Anyway, I’m very excited about this direction. When I first read this I thought it can’t be possible to do this automatically, but it turns out you actually can! Wow!

So the latency above delta would only matter if there is an attack, right? If there’s only one chain, we will always accept it, whether it’s delayed or not. However, if we see two chains, we have three possibilities:

Both are timely. Synchronous attack. Here it’s best to just stop
One is timely, one is not – notify the user, and present the timely chain as likely correct one and default option
Neither is timely – again, can’t do anything and best to just stop.

vbuterin · February 13, 2020, 1:24pm

So the latency above delta would only matter if there is an attack, right? If there’s only one chain, we will always accept it, whether it’s delayed or not. However, if we see two chains, we have three possibilities:

Correct.

terence · February 13, 2020, 5:37pm

Nice write up! This is interesting. How much of this do you think is applicable for the current eth2 landscape? Do you see eth2 phase 1 incorporate some of the mentioned techniques?

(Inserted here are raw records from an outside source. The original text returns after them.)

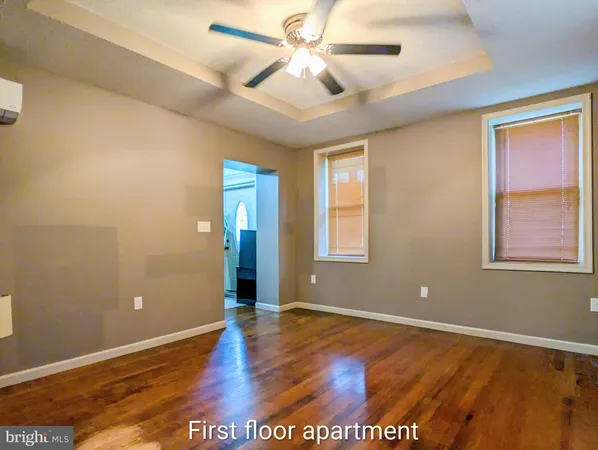 a kitchen with stainless steel appliances granite countertop a stove top oven a sink dishwasher and a refrigerator with wooden cabinets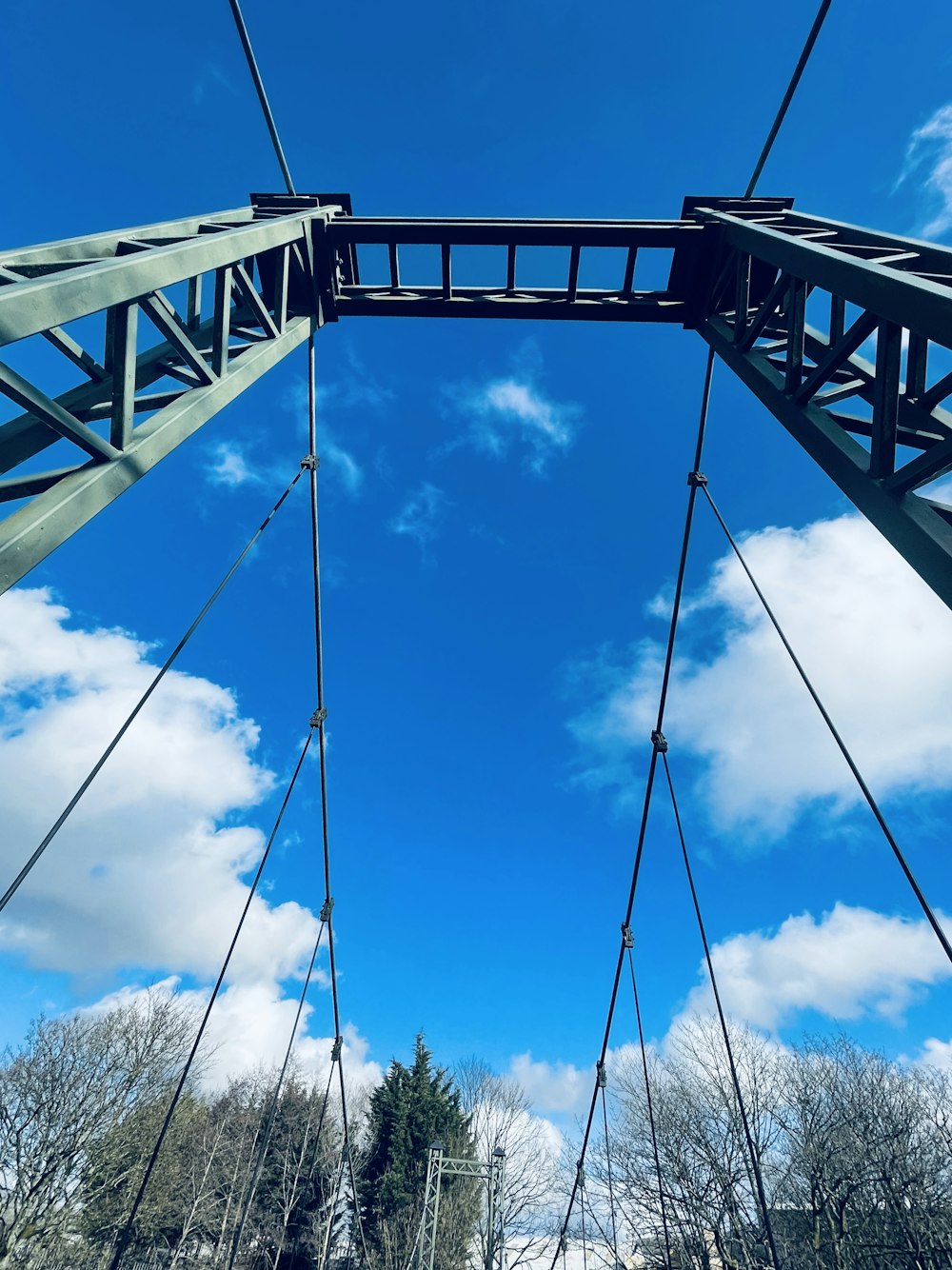 black metal bridge under blue sky during daytime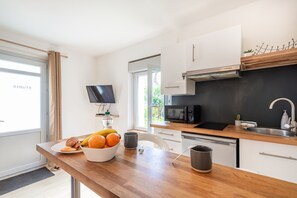 A modern kitchen with a wooden countertop, a microwave, a sink, and a television mounted on the wall. - Le Nid Choletais - Au centre-ville de Cholet (Cholet)
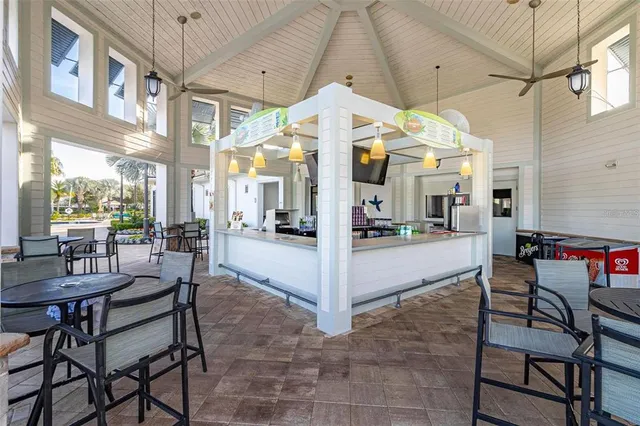 a view of a swimming pool with a table and chairs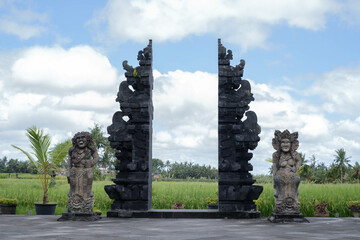 Balinese mini gate building or usually called Gapura with statues made of stone in each side in a...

vbuterin · February 13, 2020, 5:56pm

I definitely think it’s applicable! I personally definitely hope we can move in this direction, though I think to get there there are some shorter-term things we need to do:

Have a clearer understanding of recourse from 51% attacks in general. Particularly, what happens if an invalid sharded block gets included in a chain? Do we abandon that entire chain? Do we do some kind of in-state rollback (effectively turning the chain into a rollup)? Do we remove that possibility entirely by adopting a “phase 1 and done” shards-are-data-only mentality and move all of the EE work into layer-2 rollups, and use something like Kate commitment-based data availability checks (and maybe STARKed Merkle roots later) to verify data availability of blocks?
Have an uncle inclusion mechanism, and a clear understanding of how uncles get executed (note that if we do the “phase 1 and done” approach, then this is much less of a problem)
Have a better strategy for dealing with attacks where large portions of validators maliciously prevent committees from hitting quorum. Currently, we only deal with habitually offline validators; ideally we would require a validator to be part of 2/3+ of committees to stay in the quorum, so that we have a hard guarantee that quorums happen (and do some extra stuff to ensure that quorums happen on every shard).

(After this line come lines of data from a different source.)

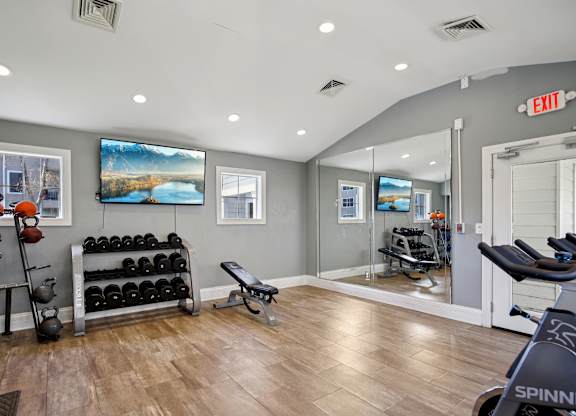 A gym with a Spinn bike and a row of dumbbells.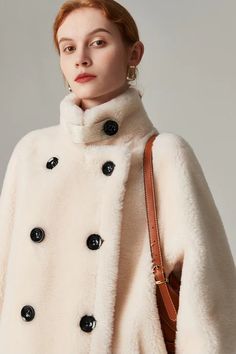 Embrace winter with our stand collar shearling coat, a blend of contemporary design and classic appeal. Luxury Outerwear With Stand Collar, Elegant Long Shearling Coat, Elegant Shearling Outerwear For Winter, Elegant Winter Shearling Outerwear, Luxury Winter Outerwear With Stand Collar, Elegant Sheepskin Outerwear For Work, Elegant Shearling Outerwear For Cold Weather, Winter White Sheepskin Outerwear, Winter White Sheepskin Outerwear For Winter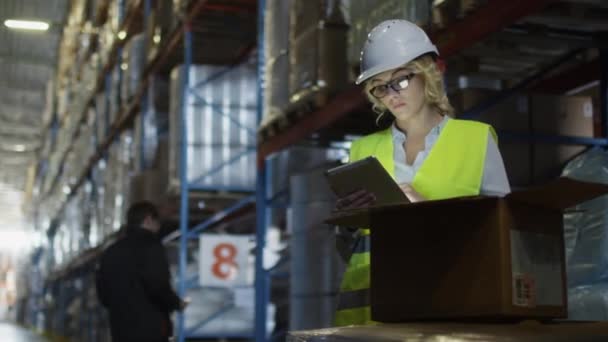 Female Manager of Logistics Warehouse is Working on Tablet PC. Wears a White Hard Hat. — Stock Video
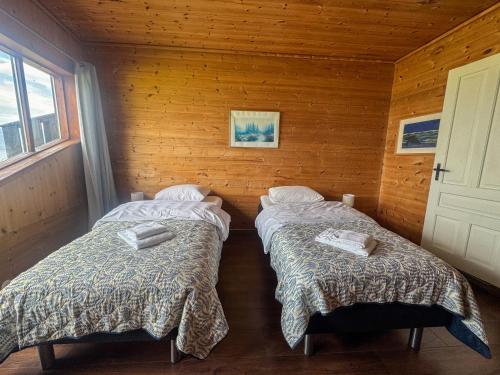 a room with two beds in a wooden cabin at Brekkestranda Fjordhotel in Brekke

archieforuwu · December 26, 2024, 1:16pm

At the moment I’m not sure what δ is. Is it the max delay to reach all the network or just average delay between two nodes? In my reply I assume the first. (if it was the second we’d reject blocks broadcasted more than 1 hop away)

About timeliness detectors:
It’s more chances to block being accepted timely than otherwise (I think it can be close to 100%). If I send my block not at the deadline timestemp D to reach all the nodes but at D + δ/3*2, so it will be accepted by 33% of nodes, so 33% chance an attester to be there. And if the attester sends it now it will be accepted by all network as timely because he has whole δ of time. If he had only δ/2 of time then his signature would accepted as new by max at 38% of nodes and the block at 71% of nodes among which would be another attesters.